This part focuses on the pivotal battle of Austerlitz, a major defeat for the Russian and Austrian alliance. Prince Andrew is wounded and experiences a spiritual awakening as he gazes at the sky, recognizing the futility of war and the importance of something beyond earthly matters.

* **Natásha:** At a Moscow ball, she is captivated by the beauty of society and the possibility of love and romance.
* **Pierre:**  He becomes enamored by Hélène, and despite his initial misgivings, eventually marries her.

**Part Four:**

Now a rich man, Pierre struggles with his newfound wealth and responsibility, grappling with his wife’s infidelity and the corruption of the society around him. He finds solace in Freemasonry and seeks a more meaningful life through philanthropy and self-improvement. 

**Part Five:**

The novel shifts focus to the war against Prussia and Napoleon. Prince Andrew, now disillusioned with military service and unable to find fulfillment in the upper circles of Petersburg society, seeks refuge in the country and dedicates himself to improving the lives of his serfs. 

**Part Six:**

This part explores the personal struggles and transformations of the characters, with a focus on:

* **Natásha:** She experiences heartbreak and despair after the death of her mother and grapples with the loss of her youthful innocence.
* **Prince Andrew:** He finds new purpose in caring for his son, reconnecting with his family, and exploring his spiritual and philosophical interests.
* **Pierre:**  He continues his pursuit of a more fulfilling life through Freemasonry and philanthropic endeavors.

**Part Seven:**

The Russian army prepares for a fresh confrontation with Napoleon. The tension and complexity of the war machine are portrayed, with conflicting opinions and strategies emerging among the military leaders. Prince Andrew is determined to contribute to the defense of his country.

**Part Eight:**

The invasion begins. The Russian army, initially disorganized and lacking clear leadership, experiences the horrors of the war as they retreat from the French advance. 
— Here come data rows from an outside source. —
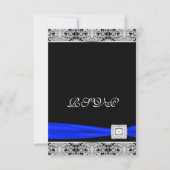 Royal Blue Black Lace RSVP (Voorkant)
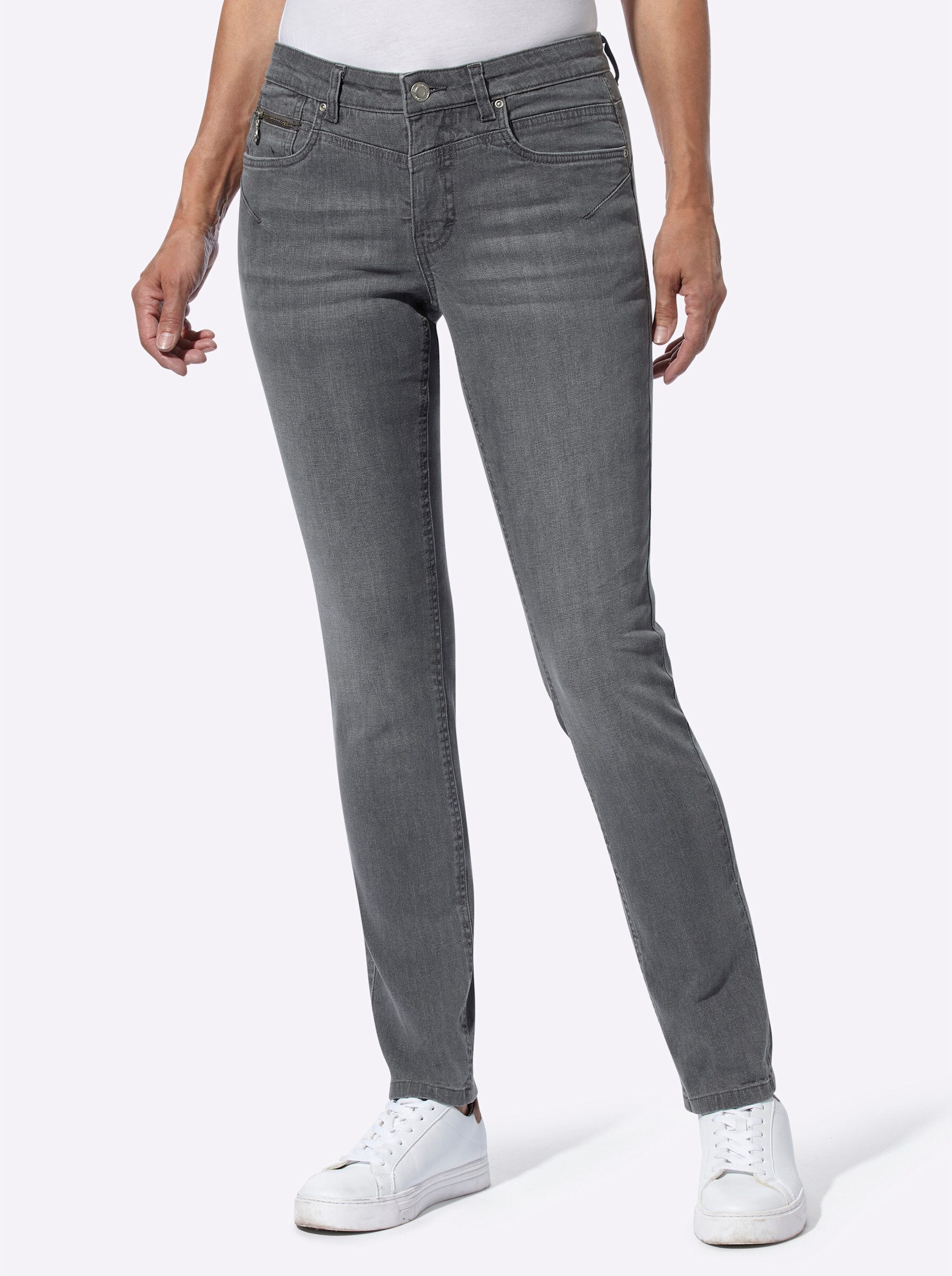 Bequeme Jeans Jeans leicht vertieft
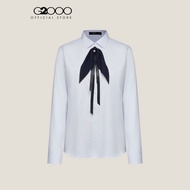 G2000 เสื้อเชิ้ตแบบทางการสำหรับผู้หญิง Slim Fit รุ่น 5122101300 White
* **Nicholas:** He faces challenges, including financial woes and his growing feelings for Sónya. 
* **Prince Andrew:** He seeks a role in the war, and ultimately rejoins the Russian army. 
* **Pierre:** He feels a renewed sense of purpose and a desire to sacrifice himself for a greater good.

**Part Nine:**

The battle of Borodinó is fought, a pivotal event that shifts the momentum of the war.

* **Nicholas:**  He experiences the horrors of the battlefield and the consequences of war.
* **Prince Andrew:** He encounters Napoleon, and has a vision of the infinite, but is fatally wounded.
* **Pierre:** He witnesses the horrors of war firsthand, and seeks meaning amidst the chaos. 

**Part Ten:**

The French advance to Moscow, and the city is occupied and burned down. The
impact of these events on the characters is profound.
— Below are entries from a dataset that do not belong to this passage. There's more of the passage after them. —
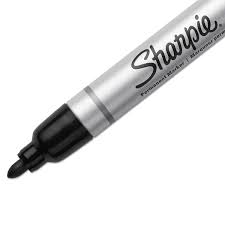 Sharpie Permanent Marker Metal Barrel Bullet Tip Black
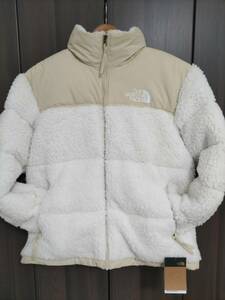 【新品】【1円～☆】定価約7.0万 ノースフェイス THE NORTH FACE ヌプシ ダウンジャケット ボア もこもこ Nuptse JKT ホワイトUS:Lサイズ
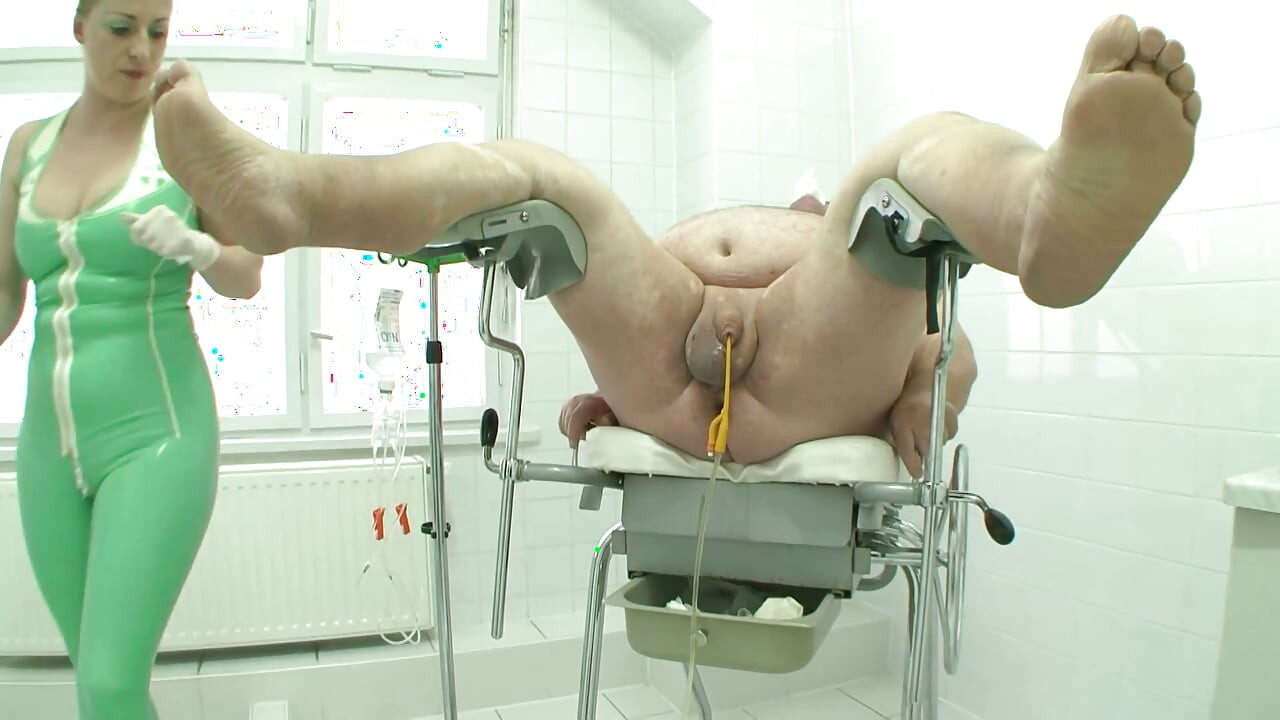 Busty Nurse's Brutal Catheter Procedure on Massive Patient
* **Natásha:** She is devastated by the loss of her brother, Pétya, and falls ill with despair.
* **Pierre:** He embarks on a journey of self-discovery, ultimately seeking solace and truth in the simple wisdom of a Russian peasant, Platón Karatáev.

**Part Eleven:**

The Russian army re-groups and the French are forced to retreat, leading to the battle of Tarútino. 

* **Prince Andrew:**  He dies in the arms of Natásha, who is dedicated to caring for him. 

**Part Twelve:**

The French retreat continues. The Russian army pursues them, and the prisoners they capture, including Pierre, face the brutal realities of war and captivity.  Pierre finds peace and a new sense of life through his interactions with Platón Karatáev.

**Part Thirteen:**

The French army is in full retreat. The Russian army pursues them, but the pursuit is hindered by the exhaustion of the troops.

* **Nicholas:** He seeks to distinguish himself in the war, but faces moral dilemmas and financial difficulties. 
* **Princess Mary:** She grapples with the loss of her father and her love for Nicholas. 
* **Pierre:** He is imprisoned and witnesses the brutality of the French army.

**Part Fourteen:**

The final phase of the war, characterized by the relentless pursuit of
the French. 

* **Pierre:** He is liberated from captivity and joins the Russian army.
* **Nicholas:** He is reunited with Sónya, and experiences a profound shift in his feelings for her.

**Part Fifteen:**

The war comes to an end. 

* **Nicholas:** He marries Princess Mary, and finds happiness in family life and his passion for farming.
* **Natásha:** She eventually marries Pierre, finding solace and a new sense of purpose in family life. 

**Epilogue:**

The novel concludes with reflections on the nature of power, war, and the
meaning of life. It emphasizes the importance of compassion, faith, and
the simple virtues of family and home. 

*War and Peace* is a complex and nuanced exploration of human
nature, love, and the destructive forces of war. It is not a novel
that offers easy answers, but rather invites readers to contemplate
the intricacies of life, the complexity of human relationships, and
the enduring power of love and faith. 


## Long-form video

Video content has been difficult to process due to constraints of the format itself.
It was hard to skim the content, transcripts often failed to capture the nuance of a video, and most tools don't process images, text, and audio together.
The Gemini 1.5 long context window allows the ability to reason and answer questions about multimodal inputs with
sustained performance.

When tested on the needle in a video haystack problem with 1M tokens, Gemini 1.5 Flash obtained >99.8% recall of the video in the context window, and Gemini 1.5 Pro reached state of the art performance on the [Video-MME benchmark](https://video-mme.github.io/home_page.html).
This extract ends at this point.